U.S. District Court Judge Ted Stewart made the ruling Thursday in response to a 2010 lawsuit filed by three homeless people in Salt Lake City who had been cited for panhandling and claimed the ban on begging for money violated their right to free speech.
Attorney Brian Barnard filed the suit on behalf of Terry Lee Wilkinson, Patty Eagle and Jackie Sanchez, who were asked by police to stop asking motorists for money.
Barnard's lawsuit lists Utah's governor, the state attorney general and the capital city's mayor and police chief as defendants.
Following the filing of the lawsuit, Salt Lake City in 2010 agreed not to enforce the state panhandling restriction.
The state defendants, however, refused to settle and asked the court to rule on the constitutionality of the statute.
In arguments before the judge on Tuesday, Barnard argued that valet attendants, tax services, restaurants, oil and lube and other businesses that hire people to wave signs, including Salvation Army bell ringers, also violate the statute but police don't enforce the law against them.
Assistant Attorney Generals Jerrold Jensen and Paul Proctor argued that the panhandling prohibition addressed traffic and public safety concerns and the "evident dangers of physical injury and traffic disruption that are present when individuals stand in the center of busy streets trying to engage drivers and solicit contributions from them."
Stewart's ruling said that although the state has legitimate concerns in wanting to promote safety, it needs to find a way to do so without infringing upon First Amendment rights.
"The court does not dispute that the state has a legitimate and important interest in regulating conduct that occurs on busy roadways, and it may do so as long as the legislation is written so as to avoid infringing on constitutionally protected rights.
However, it may not do so through sweeping statutes that regulate conduct unrelated to the government interest," Stewart wrote.
"The language of the statute applies to all roads," Stewart added. "The prohibition therefore regulates a wide range of situations that likely have no impact on safety."
Barnard reiterated his beliefs following Stewart's order that the panhandling restriction violated his clients' constitutional rights and those of others in the community.
"The statute was overbroad in that is outlawed much speech for no legitimate governmental reason.
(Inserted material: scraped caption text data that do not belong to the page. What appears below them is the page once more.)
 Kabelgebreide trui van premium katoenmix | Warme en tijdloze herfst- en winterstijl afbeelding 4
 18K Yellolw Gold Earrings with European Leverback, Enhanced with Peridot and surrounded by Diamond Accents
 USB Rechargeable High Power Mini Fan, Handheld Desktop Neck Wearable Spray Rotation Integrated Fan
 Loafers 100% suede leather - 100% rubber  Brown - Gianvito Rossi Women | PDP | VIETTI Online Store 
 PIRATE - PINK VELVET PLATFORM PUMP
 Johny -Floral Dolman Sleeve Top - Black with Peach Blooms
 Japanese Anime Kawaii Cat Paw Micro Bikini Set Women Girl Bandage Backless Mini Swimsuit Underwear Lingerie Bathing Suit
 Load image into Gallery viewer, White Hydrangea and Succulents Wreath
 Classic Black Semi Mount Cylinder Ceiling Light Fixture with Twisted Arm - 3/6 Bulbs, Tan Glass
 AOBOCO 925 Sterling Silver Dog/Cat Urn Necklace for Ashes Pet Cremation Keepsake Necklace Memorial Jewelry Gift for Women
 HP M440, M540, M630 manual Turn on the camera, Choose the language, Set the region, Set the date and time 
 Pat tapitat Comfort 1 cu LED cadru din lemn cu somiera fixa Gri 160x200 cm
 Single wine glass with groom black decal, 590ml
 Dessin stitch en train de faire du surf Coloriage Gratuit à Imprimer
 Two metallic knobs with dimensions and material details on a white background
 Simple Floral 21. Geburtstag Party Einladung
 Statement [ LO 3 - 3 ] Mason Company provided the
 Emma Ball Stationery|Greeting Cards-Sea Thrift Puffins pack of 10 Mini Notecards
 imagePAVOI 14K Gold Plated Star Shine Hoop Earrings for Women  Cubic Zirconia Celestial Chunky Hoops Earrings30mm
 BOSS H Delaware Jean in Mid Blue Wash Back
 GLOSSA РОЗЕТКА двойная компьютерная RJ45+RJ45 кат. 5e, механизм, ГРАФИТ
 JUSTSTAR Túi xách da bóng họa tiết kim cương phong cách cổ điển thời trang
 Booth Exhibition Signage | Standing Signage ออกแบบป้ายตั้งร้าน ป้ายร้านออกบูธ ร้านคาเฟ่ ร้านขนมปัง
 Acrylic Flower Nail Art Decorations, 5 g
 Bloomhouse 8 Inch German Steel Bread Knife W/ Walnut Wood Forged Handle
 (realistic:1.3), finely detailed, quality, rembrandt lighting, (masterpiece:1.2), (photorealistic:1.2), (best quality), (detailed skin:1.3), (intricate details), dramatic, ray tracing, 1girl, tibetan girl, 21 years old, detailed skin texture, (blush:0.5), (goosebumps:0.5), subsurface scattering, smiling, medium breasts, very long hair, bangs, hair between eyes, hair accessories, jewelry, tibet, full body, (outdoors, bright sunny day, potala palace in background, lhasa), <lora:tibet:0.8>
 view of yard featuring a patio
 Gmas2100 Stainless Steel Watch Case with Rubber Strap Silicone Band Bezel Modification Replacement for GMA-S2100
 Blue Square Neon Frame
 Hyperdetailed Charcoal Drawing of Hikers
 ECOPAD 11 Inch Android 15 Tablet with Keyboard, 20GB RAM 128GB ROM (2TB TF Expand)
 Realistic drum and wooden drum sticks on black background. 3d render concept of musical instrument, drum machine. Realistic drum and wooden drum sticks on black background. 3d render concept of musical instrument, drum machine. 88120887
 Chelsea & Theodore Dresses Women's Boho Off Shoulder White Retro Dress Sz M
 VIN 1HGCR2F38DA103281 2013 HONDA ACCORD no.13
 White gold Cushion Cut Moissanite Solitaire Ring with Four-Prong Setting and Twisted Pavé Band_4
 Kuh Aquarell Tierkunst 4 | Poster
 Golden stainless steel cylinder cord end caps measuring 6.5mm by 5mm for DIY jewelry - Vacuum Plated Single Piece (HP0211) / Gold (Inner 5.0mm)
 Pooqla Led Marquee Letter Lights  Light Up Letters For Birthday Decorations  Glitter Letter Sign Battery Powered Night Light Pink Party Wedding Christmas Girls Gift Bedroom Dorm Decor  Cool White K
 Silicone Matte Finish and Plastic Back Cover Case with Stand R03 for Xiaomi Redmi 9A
As noted in the court's decision, it was a crime for children to operate a lemonade stand next to a state highway in rural Utah. The valet parking services in front of restaurants were criminal in nature. Girl Scouts with a card table selling cookies on the sidewalk visible to passing motorists were breaking the law," Barnard said. "The statute also prohibited a person looking for work from standing on the side of the road with a sign saying, "Need work."
Barnard said laws are in place to make aggressive panhandling a crime and he believes those laws should be enforced.
His clients, he said, were innocently asking for money.
"The First Amendment protects the right for people to ask for help and to seek employment," Barnard said. "This [panhandling] statute, now declared unconstitutional, made innocuous, innocent conduct a crime."
Barnard said his clients are pleased they've won their right to ask for money. Barnard will ask the state of Utah to pay for attorneys fees and court costs in the case.
He said the judge's ruling means law enforcement can't now ticket homeless people targeting motorists for money with signs.
"All law enforcement in the state are now on notice that the statute is unconstitutional. If they enforce it in the future, they can be sued for money damages," Barnard said.
Jensen and Proctor could not immediately be reached for comment on Thursday.